Fancy form posts in Biff
One of Biff's core features is authorization rules (patterned after Firebase Security Rules) which allow you to send transactions to the database[1] without going through a custom endpoint. For each type of document in your database, you define rules which specify the shape of that document and who is allowed to write to it. Then you can submit arbitrary transactions from the front end, and Biff will make sure they satisfy the rules.
Right now, Biff only includes this feature in its SPA project template. You write ClojureScript code which sends transactions as EDN over a websocket. However, since October, Findka is no longer a SPA. I pivoted and built a new, simpler website from scratch, and a SPA would've been overkill. So now I'm using regular form posts for write operations, not websocket events. Despite that, it would still be nice to use authorization rules and a single endpoint to handle the posts instead of having a proliferation of endpoints.

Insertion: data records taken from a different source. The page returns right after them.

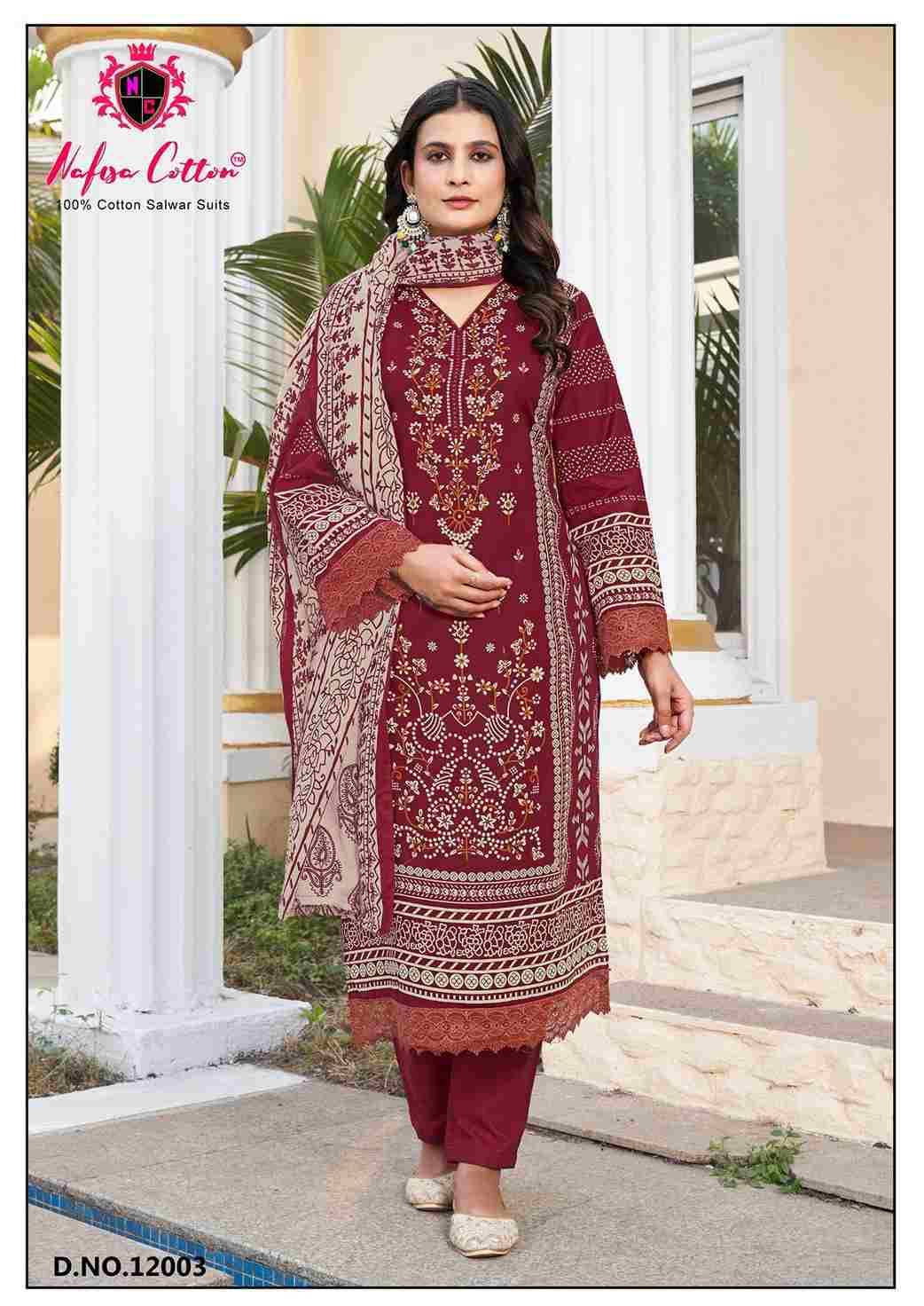 Safina Vol-12 By Nafisa Cotton 12001 To 12006 Series Beautiful Festive Suits Colorful Stylish Fancy Casual Wear & Ethnic Wear Pure Cotton Embroidered Dresses At Wholesale Price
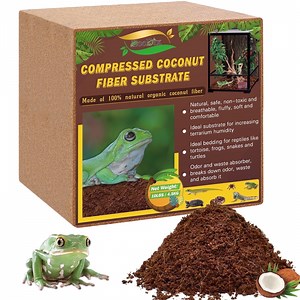 ZeeDix 10LB Compressed Coconut Fiber Substrate, 100% Organic Coco Coir Fiber Brick Brown Husk Substrate Bedding for Reptiles, Geckos, Lizards, Tortoises, Ball Python, Frogs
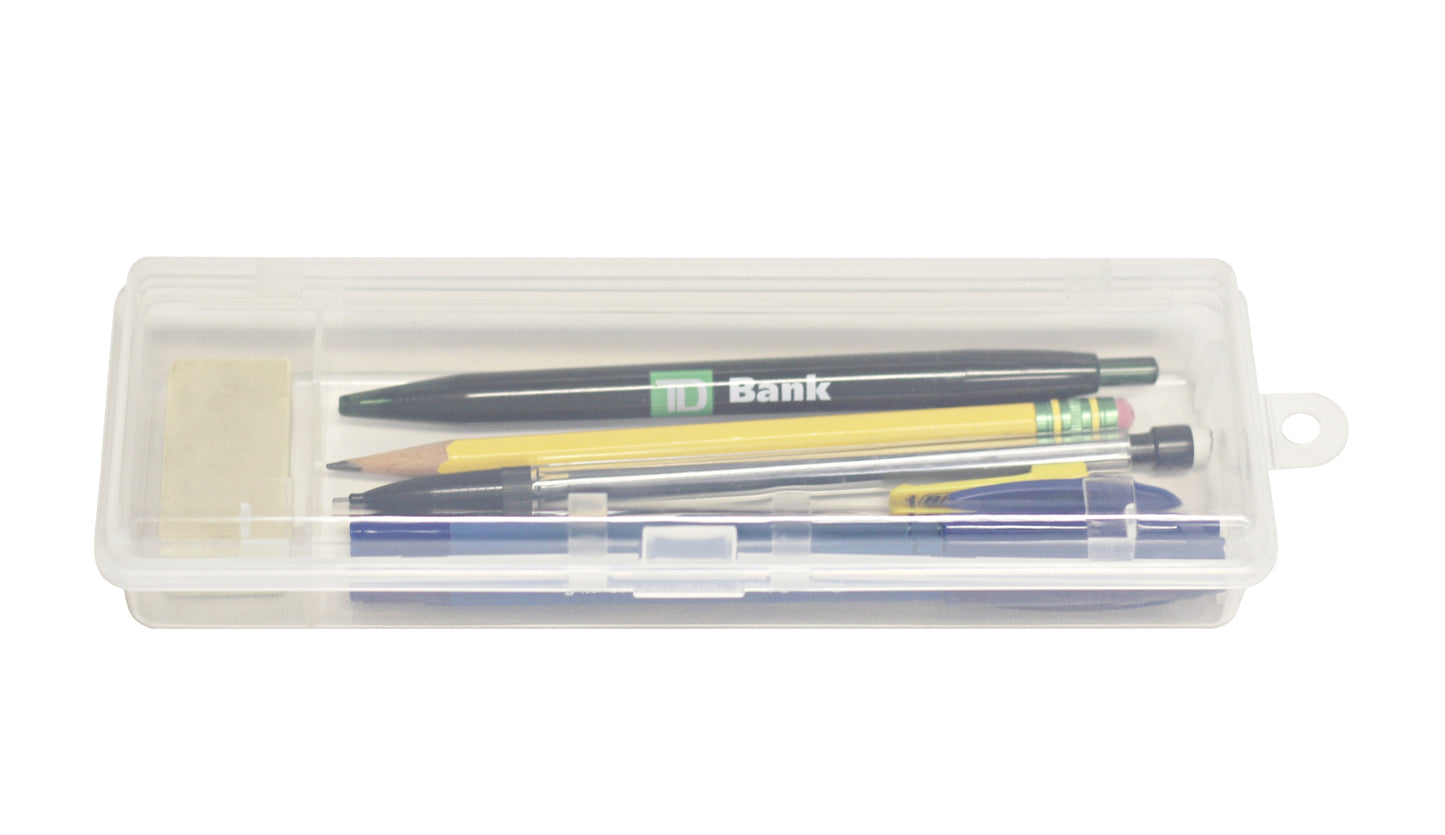 Clear Plastic Pencil Box with Hinged Lid & Snap Closure -for Pencils, Pens, - side view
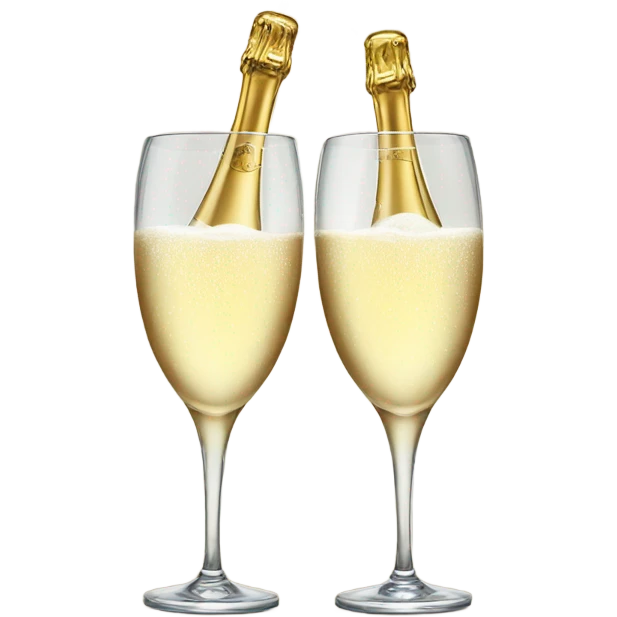 Two Champagne bottles glasses emoji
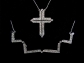 Genuine 14k solid White Gold Cross Necklace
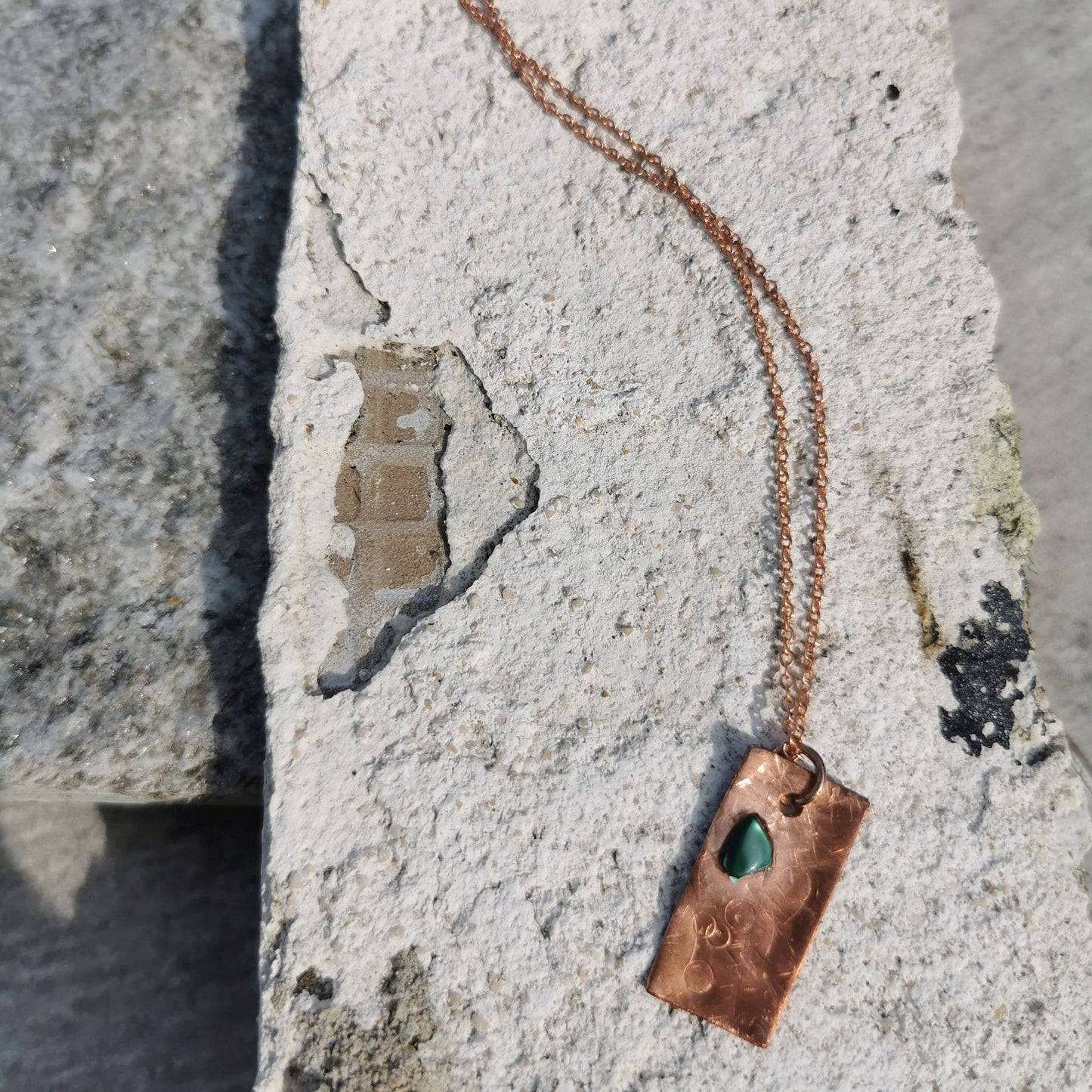 Green Pearl Copper Pendant And Rose Gold plated chain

For reference, here's how you would normally send a Biff transaction from the front end:
(defn set-display-name [user-id display-name]
(send-websocket-event
[:biff/tx
{[:users {:user/id user-id}]
{:db/update true
:display-name display-name}}]))
The ident, [:users {:user/id user-id}]
, means that we're writing a document
of type :users
and the document ID is {:user/id user-id}
. We set the
:display-name
key on that document, and :db/update true
means we merge that
into the existing document instead of overwriting it completely. See the
docs for more info.
Even though Biff doesn't come with an endpoint for receiving a transaction like this via form post, it's pretty easy to set one up:
(defn form-data->tx [params] ...)
(defn form-data->redirect [params] ...)
(defn submit-tx
[{:keys [biff/node biff/base-url params]
:as sys}]
(let [biff-tx (form-data->tx params)
crux-tx (biff.crux/authorize-tx
(assoc sys :tx biff-tx))]
(if (biff.util/anomaly? crux-tx)
(pprint [:transaction-rejected tx])
(crux/await-tx node
(crux/submit-tx node crux-tx))))
{:status 302
:headers/Location
(str base-url (form-data->redirect params))})
(def routes
[["/api/tx" {:middleware [wrap-anti-forgery]
:post submit-tx
:name ::submit-tx}]])
First, submit-tx
takes the form parameters and converts them to Biff's
transaction format. biff.crux/authorize-tx
checks if the transaction conforms
to your authorization rules and returns a Crux transaction if so. After you
submit that transaction, you'll need to redirect the user back to whatever page
they were on.
form-data->tx
is where things get messy, so let's get form-data->redirect
out of the way first. Here's a form from Findka's main page:
[:form {:method "post"
:action "/api/tx"}
[:input {:type "hidden"
:name "redirect"
:value "home"}]
; ...
]
My form-data->redirect
looks kind of like this:
(defn form-data->redirect [{:keys [redirect]}]
(case redirect
"home" "/home"
...))
(Be sure to read the relevant OWASP page). I also have some logic for setting query parameters, which are used to display messages like "URL submitted successfully", etc.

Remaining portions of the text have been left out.